Confidence among U.S. consumers remains essentially unchanged one month after it dropped to a recession-period low over persistent fears of a deteriorating job market, the increasing costs of food and clothing, and turmoil in the stock market, according to data collected through September 15.
The Conference Board Consumer Confidence Index inched up to just 45.4 (out of 100), a mere tweak of the August number of 45.2, which was the lowest level since April 2009. “The pessimism that shrouded consumers last month has spilled over into September,” Lynn Franco, director of the conference board, said in a statement. Confidence readings above 90 indicate a healthy economy, a level not reached since 2007.
One component of the index, which measures how Americans feel about the economy, dropped to 32.5, the lowest since January, down from 34.3 in August. It’s the fifth consecutive decline, “a sign that the economic environment remains weak,” said Franco.
“It's no surprise that households are just as downbeat as they were during the recession,” said Paul Dales, economist with Capital Economics. “Who can blame them? Confidence is at a level that is consistent with stagnation in real consumption growth.”
Consumers encountered a lean job market in September: Fifty percent of Americans found jobs hard to come by, the highest level since May 1983.Those who said they anticipated more jobs in the months ahead edged up to 12 percent from 11.8 percent, while those expecting fewer jobs declined to 28.6 percent from 31.2 percent.
Yet consumers expressed a greater concern about their expected earnings, “a sign that does not bode well for spending,” Franco said.
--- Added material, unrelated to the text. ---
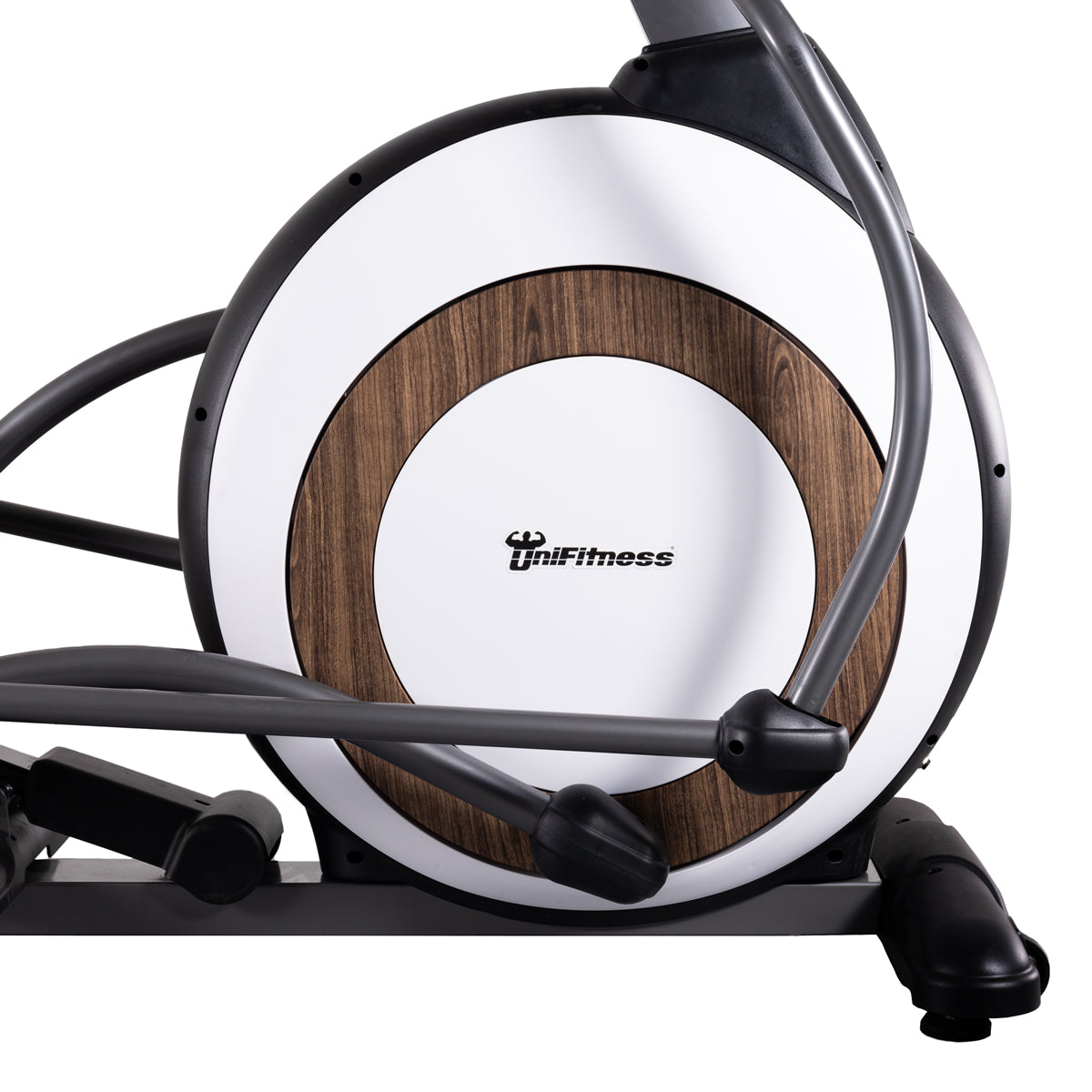 Elíptica Unifitness U60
The number of those planning to buy major appliances, including refrigerators, washing machines or TV sets, , declined to 39.2 percent, down from 49.4 in August.
“Consumers are likely to hunker down and really cut back on discretionary purchases,” said Mark Vitner, senior economist with Wells Fargo. “It casts some doubt about the upcoming shopping season.”
Growing fears of a double-dip recession will likely continue to impact consumer sentiment in the coming months. The heightened risk of a double dip has sparked the Federal Reserve to sell $400 billion in short-term Treasurys and replace them with longer-term Treasurys in an attempt to cut long-term interest rates and boost the weak economy.
Still, Scott Hoyt, economist with Moody’s Analytics, says there is “limited optimism.” Hoyt points to gas prices that are trending lower, debt burdens continuing to fall and declines in the stock market that seem to have ended. “As the economy continues to grow, confidence should recover, unless the low confidence results in lower spending and drives further economic weakness,” Hoyt said.
Home Prices Rose in July
In a separate report out today, home prices rose 0.9 percent in July due to seasonal demand, posting the fourth consecutive monthly increase, according to the Standard & Poor’s Case/Shiller home price index. Year over year, however, prices are down 4.1 percent.
Detroit and Washington, D.C., were the only two cities to see annual price gains, up 1.2 percent and 0.3 percent, respectively. Minneapolis saw a 9.1 percent decline over the same from one year earlier. Of the 20 cities the report tracks, 17 reported prices higher than the previous month.
The housing market remains depressed due to high foreclosure activity, high unemployment and tight credit; the weak demand has been a significant drag on home prices. Some experts say home prices will continue to fall this year by as much as two percent. A report last week from MacroMarkets LLC expected home prices to rise a mere 1.1 percent annually through 2015. “While we have now seen four consecutive months of generally increasing prices, we do know that we are still far from a sustained recovery,” said David M. Blitzer, chairman of S&P’s index committee.